*** Opening of SUPPLIED RECORDS ***
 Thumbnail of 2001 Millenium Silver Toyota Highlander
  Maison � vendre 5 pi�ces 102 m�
*** Close of SUPPLIED RECORDS ***
*** Opening of SUPPLIED RECORDS ***
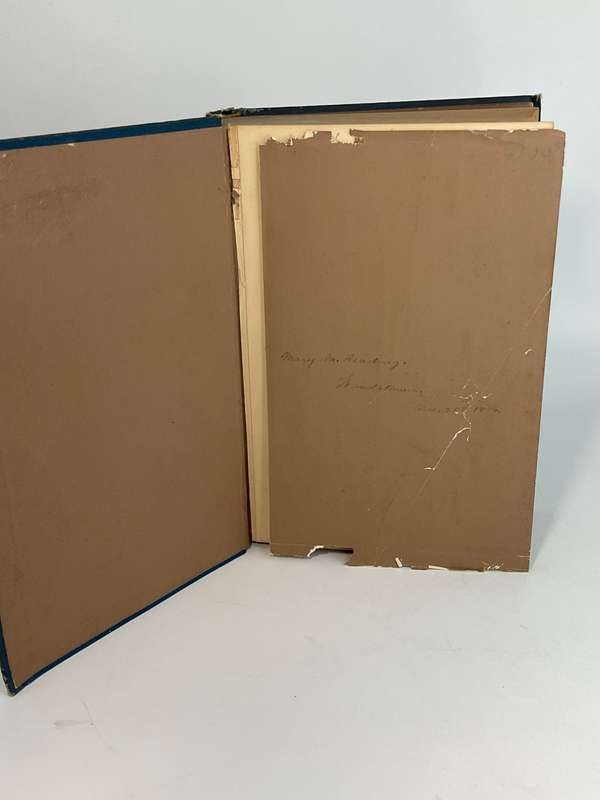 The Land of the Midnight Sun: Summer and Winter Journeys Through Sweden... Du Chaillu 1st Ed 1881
*** Close of SUPPLIED RECORDS ***
TO DO:
In the material above, find the line containing "Thumbnail of 2001" and the line containing "Maison � vendre 5 pi�ces 102 m�", then write out exactly those two lines and every line between them, and nothing more.

ANSWER SPACE:
 Thumbnail of 2001 Millenium Silver Toyota Highlander
  Maison � vendre 5 pi�ces 102 m�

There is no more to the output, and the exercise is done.